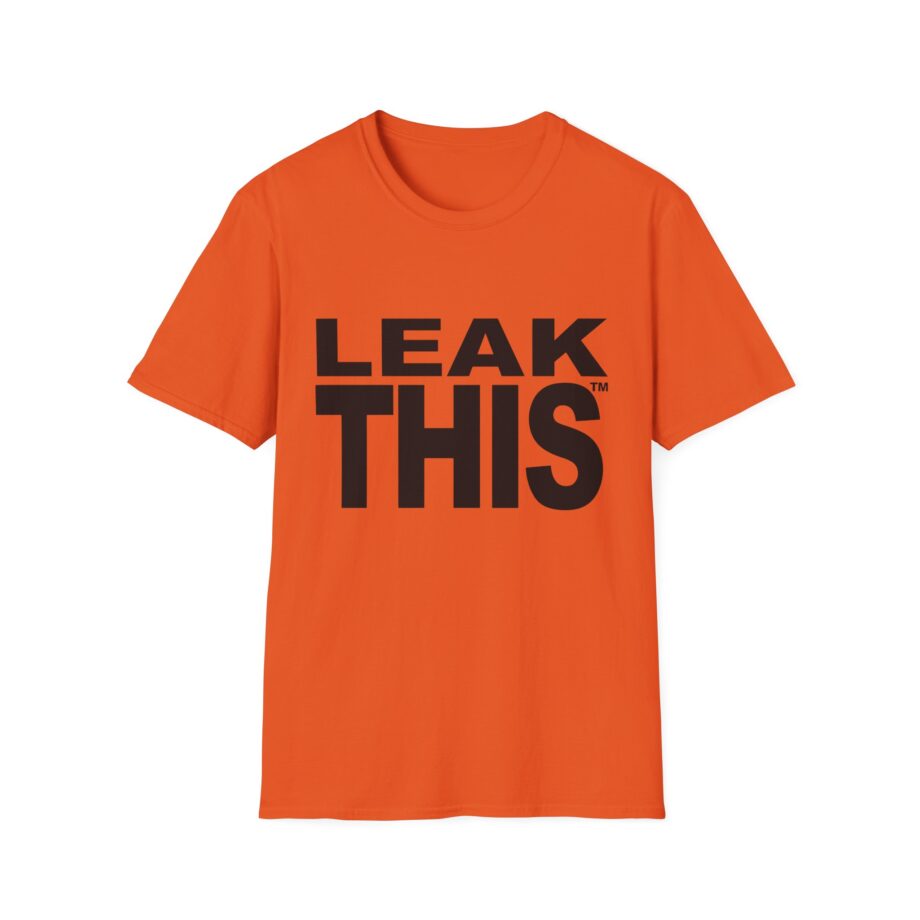 Tate Mcrae Leak This Unisex Softstyle T-Shirt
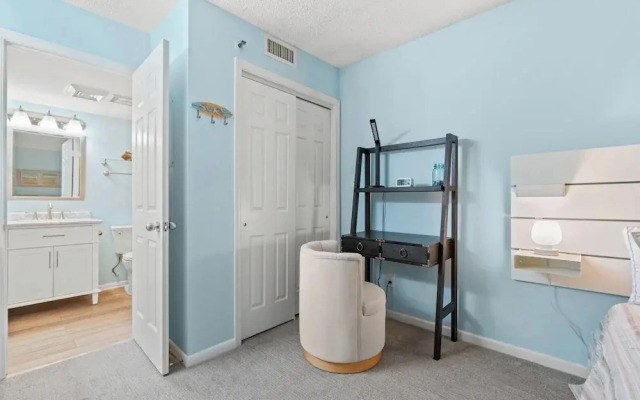 Units at Ocean Forest Plaza by Elliott Beach Rentals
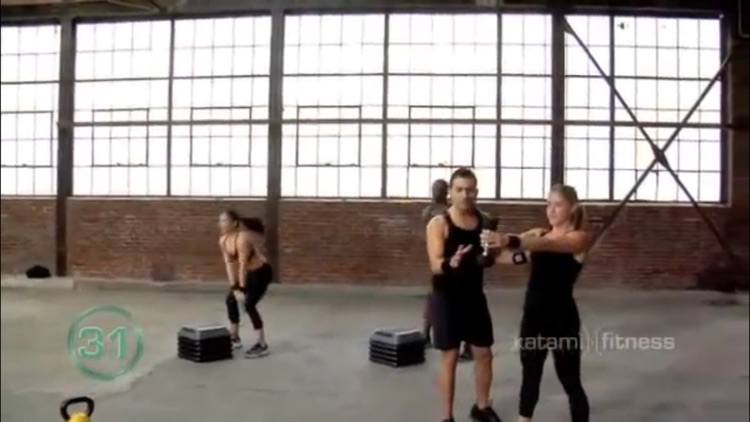 Kettlebell Expert screenshot-3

◆ ◆ ◆ ◆

(Task): With the pictures left out, transcribe the material exactly.

(Exercise solution):
 Tate Mcrae Leak This Unisex Softstyle T-Shirt
 Units at Ocean Forest Plaza by Elliott Beach Rentals
 Kettlebell Expert screenshot-3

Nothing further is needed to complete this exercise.